Could you return, exactly as written, every line from the one containing "Wholesale 32-Inch Fashion" through the last line of the entries below, leaving out the pictures?

* * *

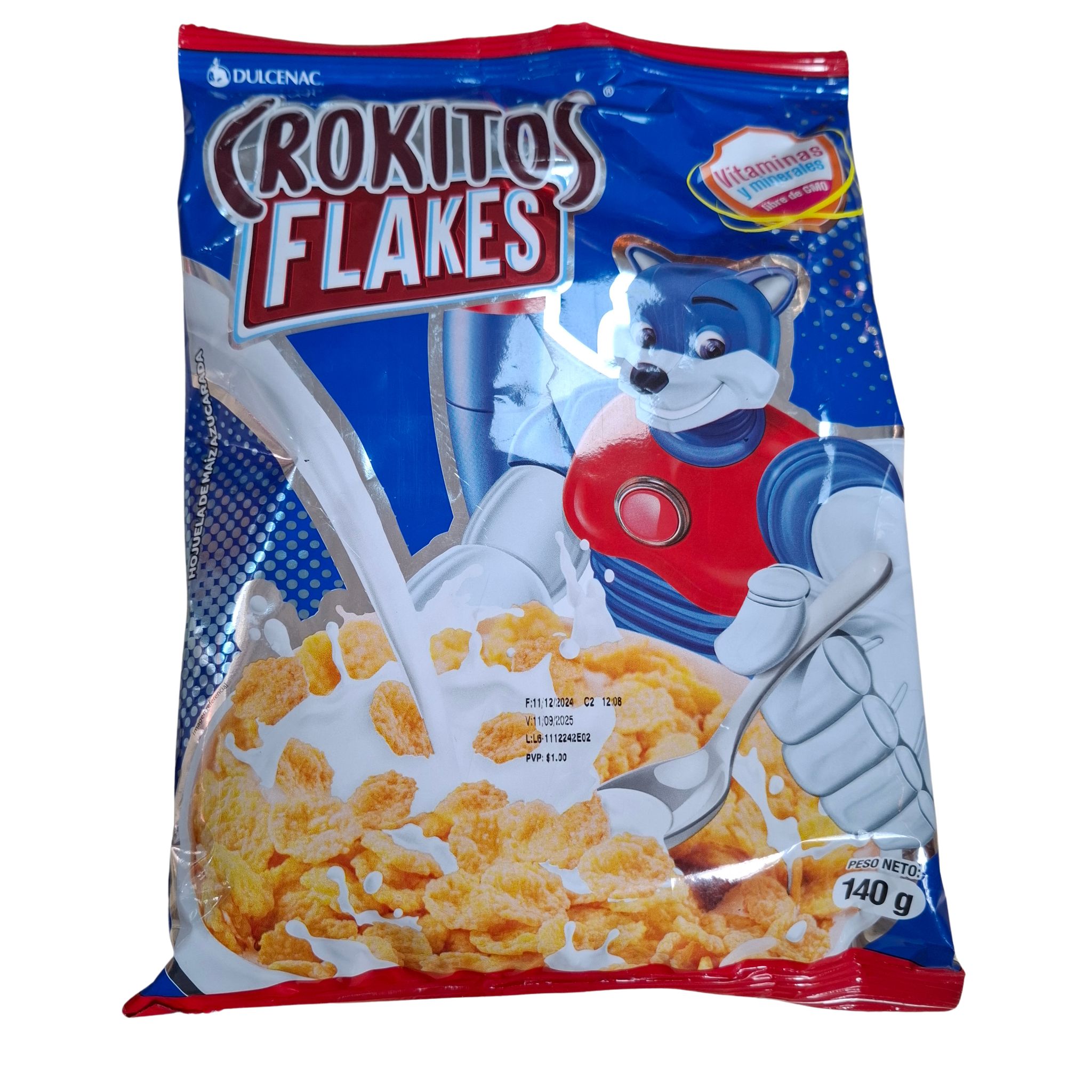 CEREAL CROKITOS FLAKES HOJUELAS AZUCARADAS 140G X 30 UND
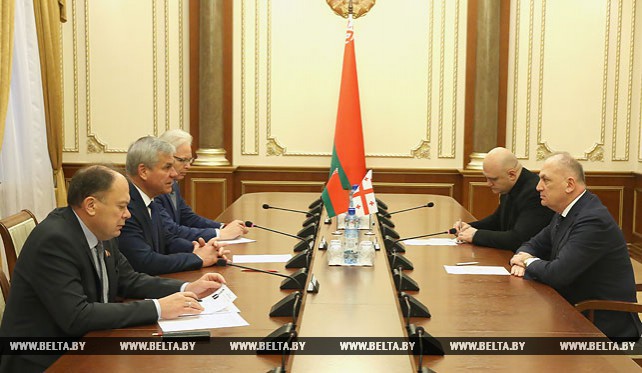 Андрейченко встретился с послом Грузии в Беларуси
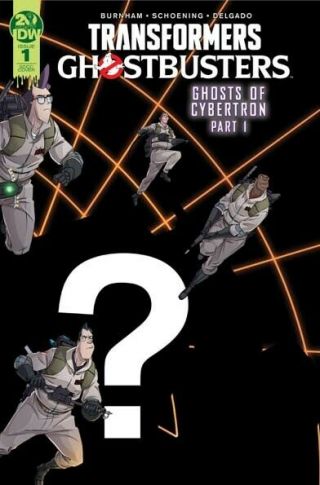 Idw Transformers/ghostbusters 1 San Diego Comic Con Mystery Variant Pre -
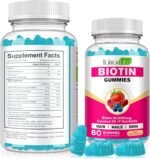 Biotin Hair Growth Supplement 10,000 mcg-Chewable Biotin Gummies for Skin, Hair & Nails-Hair Vitamins for Growth and Hair Loss with Coconut Oil, Vitamin B6, C, & E - Image 3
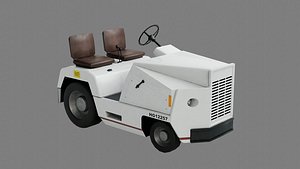 Lowpoly Airport Baggage Tractor
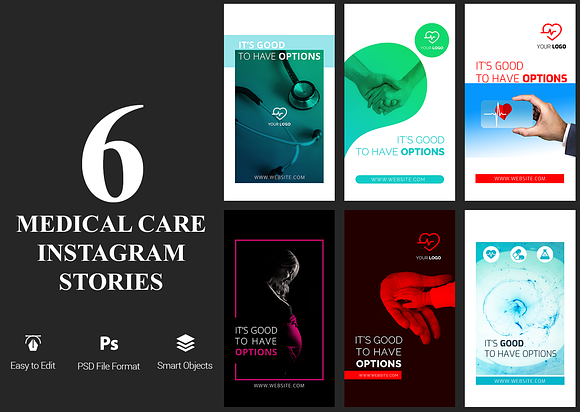 6 Medical Care Instagram Stories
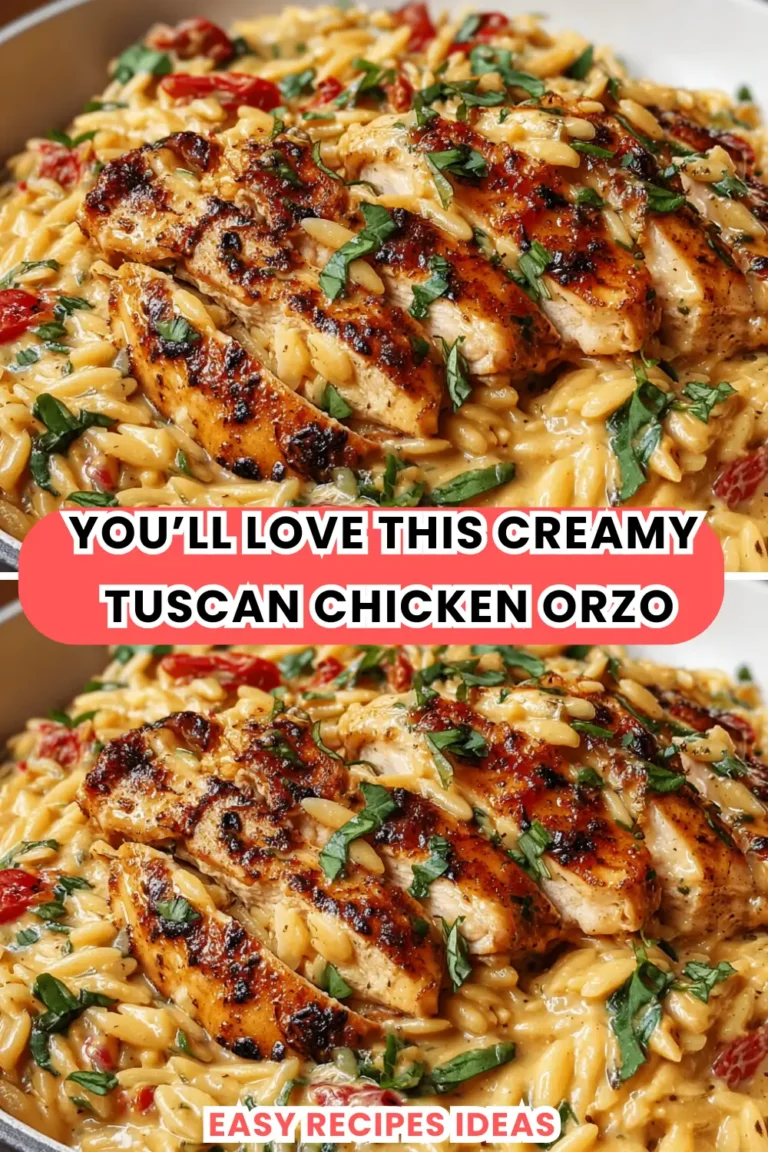 You’ll Love This Creamy Tuscan Chicken Orzo (So Creamy & Savory!)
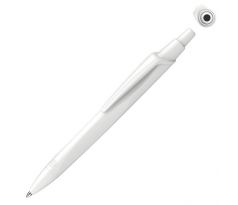 Guľôčkové pero Schneider Reco biele s čiernou náplňou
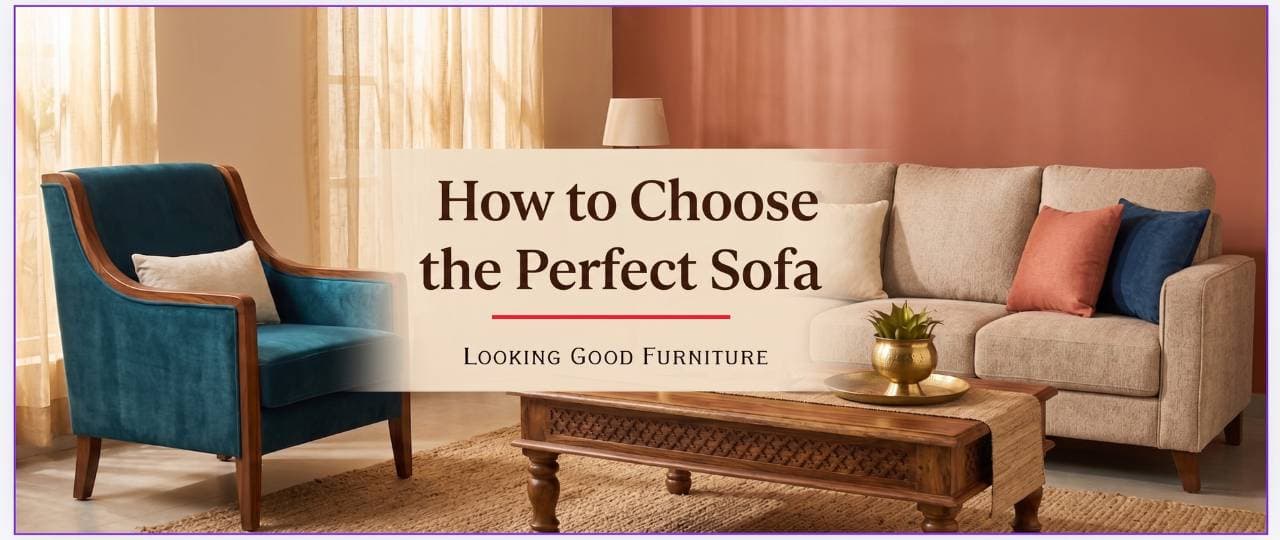 How to Choose the Perfect Sofa | Looking Good Furniture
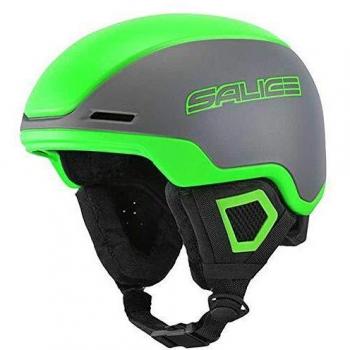 Salice casco esqui con rotor tg 52z56antracita verde unisex adulto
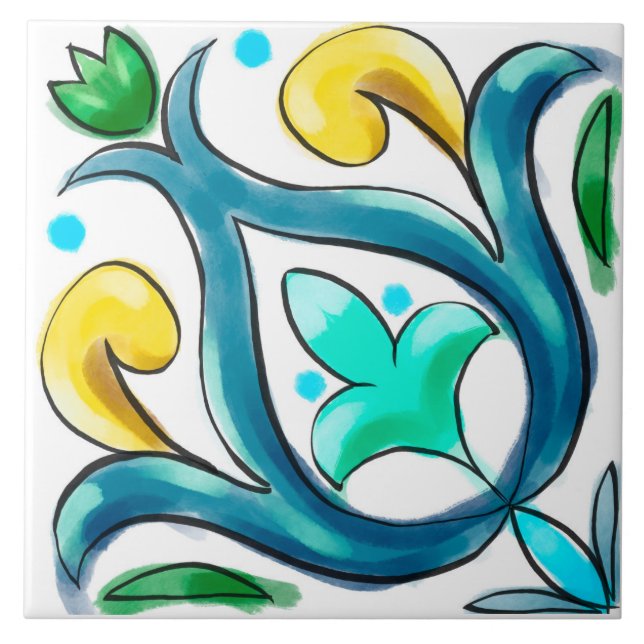 Summer, azulejos sicilianos, majolica, (Frente)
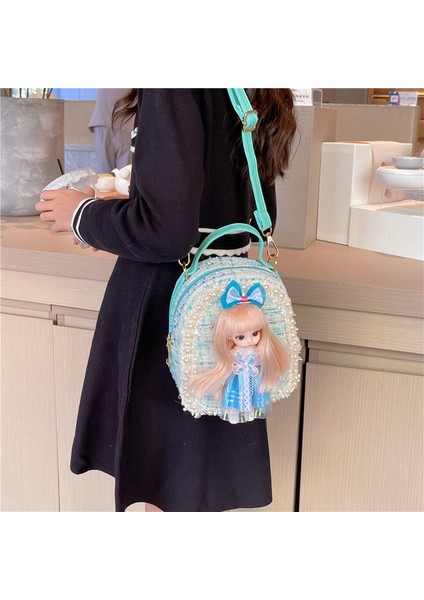 Sevimli Kız Çantası Moda Prenses Kız Sırt Çantası (Yurt Dışından)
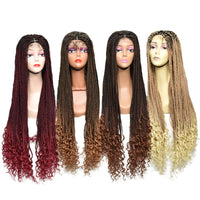 Wholesale 32-Inch Fashion Braid Wig Different Colors High Quality Synthetic and Lace Fast Selling with Large Stock
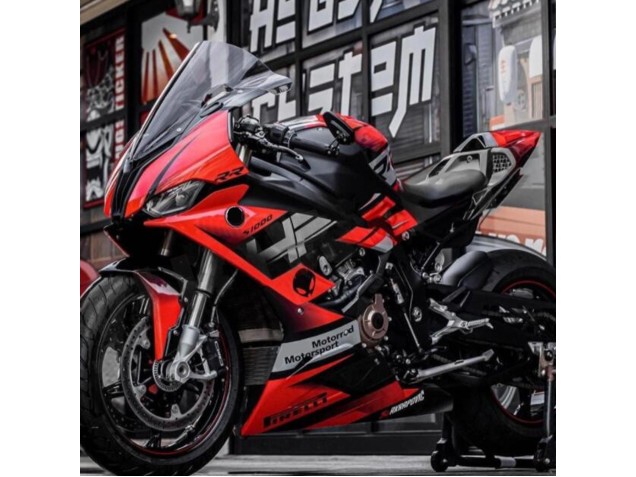 Compra Carenados Moto BMW S1000RR 2019-2022 - Negro Rojo Gris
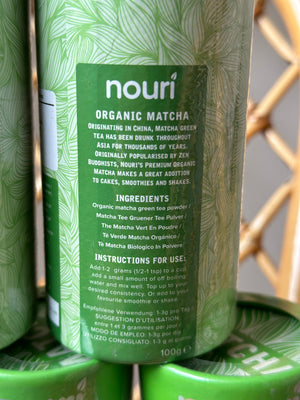 Organic Matcha NOURI 100g Powder NEW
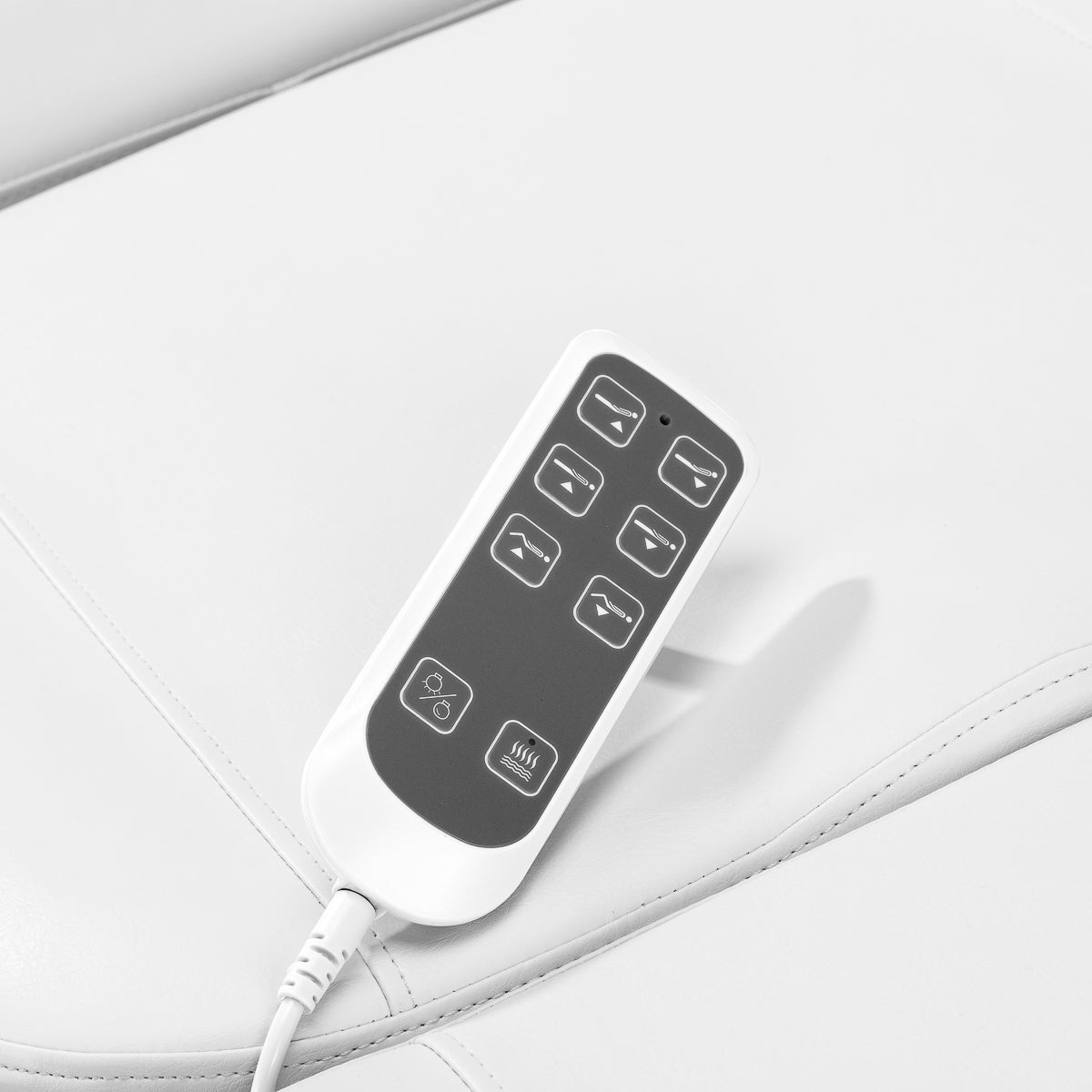 Electric cosmetic chair SILLON Luxury 3 motors white foot control - BVShop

* * *

→ OUTPUT:
 Wholesale 32-Inch Fashion Braid Wig Different Colors High Quality Synthetic and Lace Fast Selling with Large Stock
 Compra Carenados Moto BMW S1000RR 2019-2022 - Negro Rojo Gris
 Organic Matcha NOURI 100g Powder NEW
 Electric cosmetic chair SILLON Luxury 3 motors white foot control - BVShop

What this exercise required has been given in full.